Supplied entries >>
————
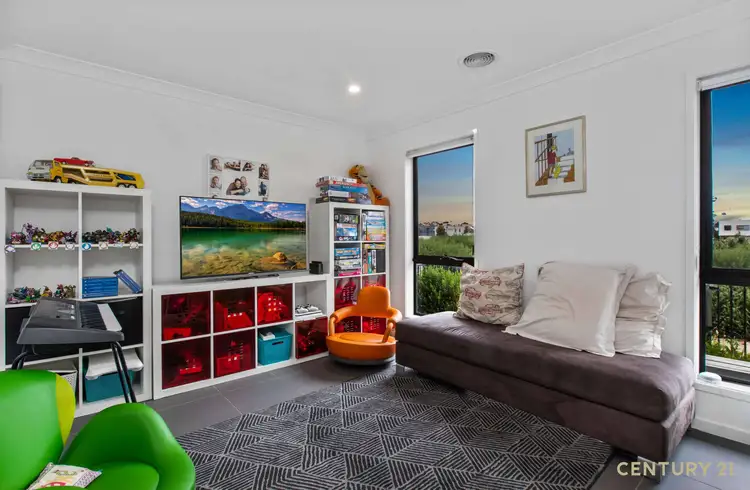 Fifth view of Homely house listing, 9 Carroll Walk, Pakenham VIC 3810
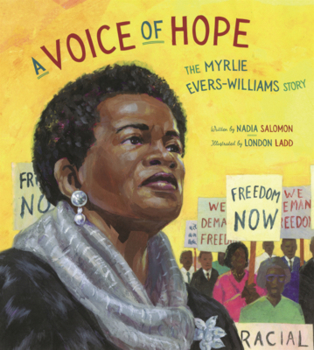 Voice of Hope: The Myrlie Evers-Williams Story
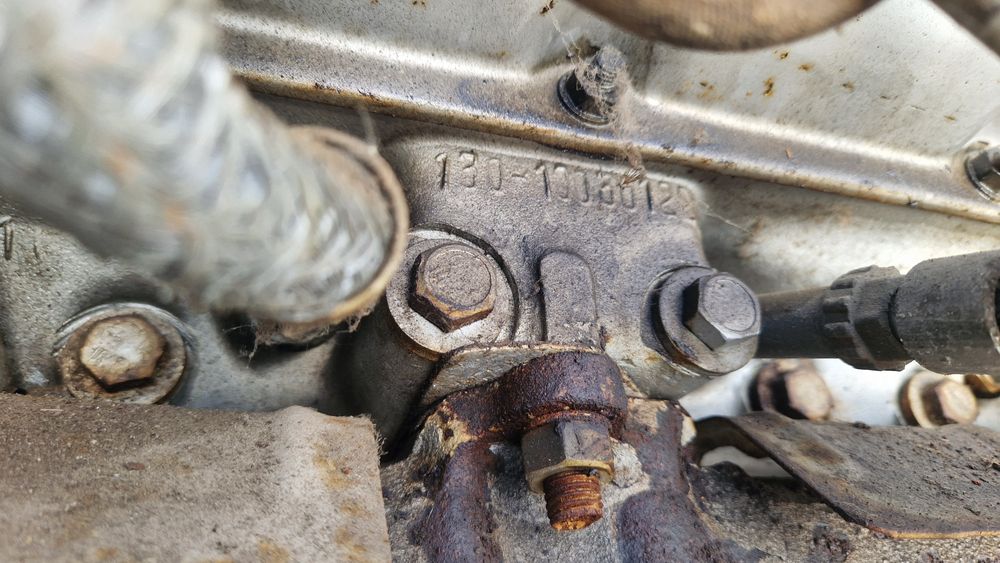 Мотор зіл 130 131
————
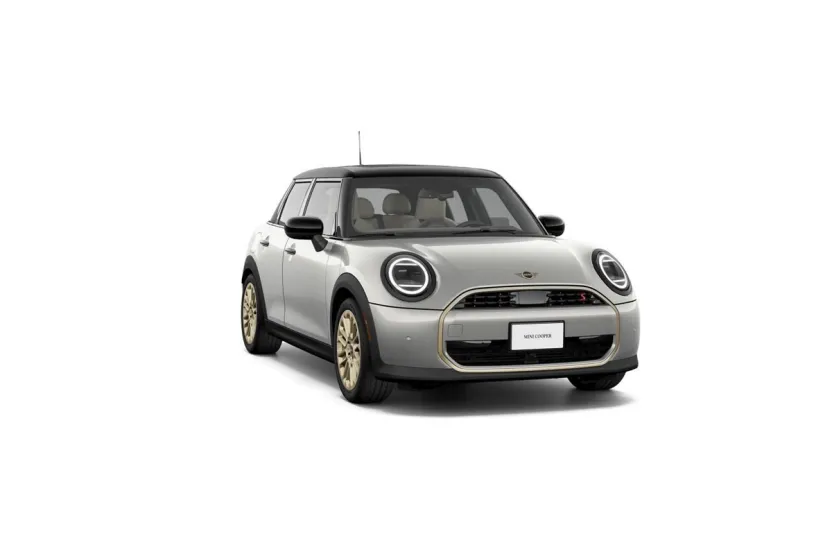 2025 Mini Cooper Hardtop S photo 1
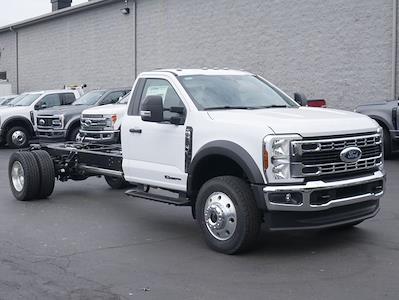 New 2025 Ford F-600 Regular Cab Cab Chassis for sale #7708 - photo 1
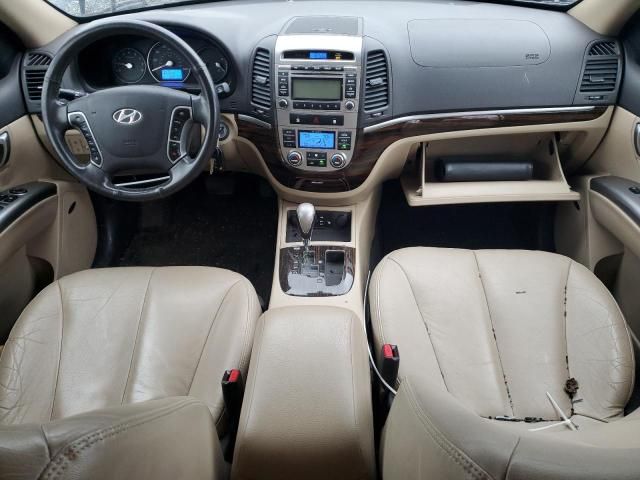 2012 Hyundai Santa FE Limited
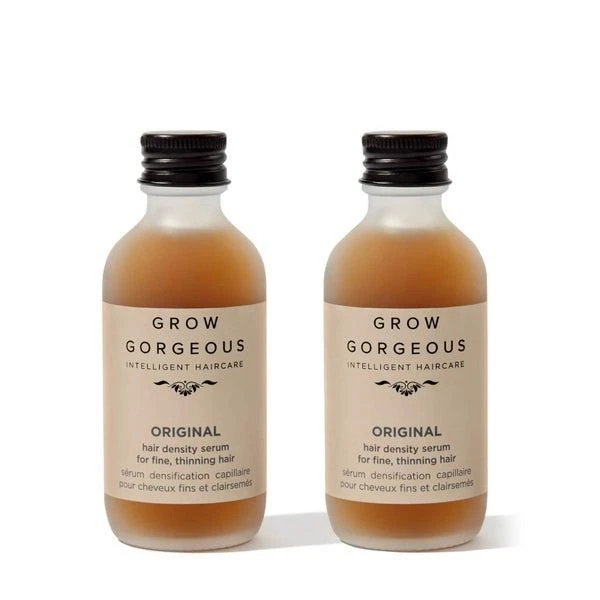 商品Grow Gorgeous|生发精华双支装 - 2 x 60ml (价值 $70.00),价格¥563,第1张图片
————
Action item >> Given the records above, return the lines starting at the one that holds "New 2025 Ford" and ending at the one that holds "商品Grow Gorgeous|生发精华双支装 - 2", exactly, and nothing besides; leave every picture out.

Written answer >>
 New 2025 Ford F-600 Regular Cab Cab Chassis for sale #7708 - photo 1
 2012 Hyundai Santa FE Limited
 商品Grow Gorgeous|生发精华双支装 - 2 x 60ml (价值 $70.00),价格¥563,第1张图片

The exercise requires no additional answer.